Daniel Roman of Winter is Coming wrote, "Tumbleton" is a fascinating episode of House of the Dragon which introduces new characters, new locations, and new problems as the civil war heads into its next stage. The cast and crew for the series are doing amazing work, even as some of the show's writing decisions make it harder for longtime fans of George R.R. Martin's story to reconcile with this new telling. But it leaves enough threads running for plenty of payoff to come in the weeks ahead, and as a bridge episode to get us back into the wider war story of the realm, it does a solid job expanding the scope after Rhaenyra's first bad days as queen in episode 3." He declared the Aegon and Larys storyline his favorite and lauded Tom Glynn-Carney's "stellar" performance and also enjoyed the scene between Alyn and Rhaenyra, praising the performances of Abubakar Salim and Emma D'Arcy.
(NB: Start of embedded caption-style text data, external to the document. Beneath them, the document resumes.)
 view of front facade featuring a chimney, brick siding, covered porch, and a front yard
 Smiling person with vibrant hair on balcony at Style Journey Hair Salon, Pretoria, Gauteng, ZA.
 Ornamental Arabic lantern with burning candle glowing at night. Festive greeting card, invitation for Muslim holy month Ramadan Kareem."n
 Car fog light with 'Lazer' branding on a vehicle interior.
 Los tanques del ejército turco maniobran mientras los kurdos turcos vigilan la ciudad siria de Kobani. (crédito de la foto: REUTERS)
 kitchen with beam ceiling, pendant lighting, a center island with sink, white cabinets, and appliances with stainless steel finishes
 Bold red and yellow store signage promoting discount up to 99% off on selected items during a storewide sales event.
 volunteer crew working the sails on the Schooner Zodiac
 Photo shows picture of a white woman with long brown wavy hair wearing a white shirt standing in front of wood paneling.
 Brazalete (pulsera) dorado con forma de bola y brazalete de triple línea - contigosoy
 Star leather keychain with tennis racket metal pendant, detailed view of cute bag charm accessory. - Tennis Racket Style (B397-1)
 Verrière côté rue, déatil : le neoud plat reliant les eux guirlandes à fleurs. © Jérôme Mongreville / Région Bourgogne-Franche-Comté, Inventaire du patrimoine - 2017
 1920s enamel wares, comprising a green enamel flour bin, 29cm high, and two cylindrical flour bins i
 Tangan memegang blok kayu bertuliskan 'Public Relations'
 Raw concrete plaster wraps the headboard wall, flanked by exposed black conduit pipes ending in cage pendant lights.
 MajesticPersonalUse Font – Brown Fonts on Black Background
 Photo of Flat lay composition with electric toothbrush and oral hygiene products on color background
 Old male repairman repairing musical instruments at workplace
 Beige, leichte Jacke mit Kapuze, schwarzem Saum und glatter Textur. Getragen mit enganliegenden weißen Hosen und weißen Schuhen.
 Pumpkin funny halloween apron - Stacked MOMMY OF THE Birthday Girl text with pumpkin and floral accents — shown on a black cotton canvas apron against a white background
He also called the scene between Rhaena and Daemon as Phoebe Campbell's "single best scene of the series so far" and felt it was "starting to really sell me on her arc as the show's version of Nettles, the dragonseed in the book who rides Sheepstealer" and enjoyed the conversation between Daemon and Jeyne writing, "the verbal sparring here is a lot of fun; Collin is a fantastic actress (with an equally fantastic costume), and Smith is as delightfully vindictive as ever. Plus, it's nice to see the throne room of the Eyrie again." While he was mixed on the decision to darken the relationship between Ormund and Daeron and some elements of the storyline, Roman praised the work of Norton and Benjamin Evan Ainsworth and enjoyed the show's investment into Tumbleton as a new city and site of future conflict, writing, "everything about the production in the Tumbleton storyline is excellent, from the acting to the staging and cinematography, the costuming, and more. But the story itself has some holes, and that made it hard for me to enjoy, especially on my first watch".

Kelcie Mattson of Collider praised the confrontation between Rhaena and Daemon, writing "Daemon discovering Rhaena and Sheepstealer in the Vale brings his non-malicious negligence full circle and belatedly compensates for House of the Dragon not developing a formidable onscreen bond between the Rogue Prince and his eldest children. Even without a foundation, Campbell and Smith's performances are gut-wrenching. Smith, in particular, has rarely portrayed a more defeated or devastated Daemon. He effortlessly oscillates between shock, affection, concerned tenderness, and paternal frustration at a wayward child — all of which are rich and underutilized character shades worth exploring".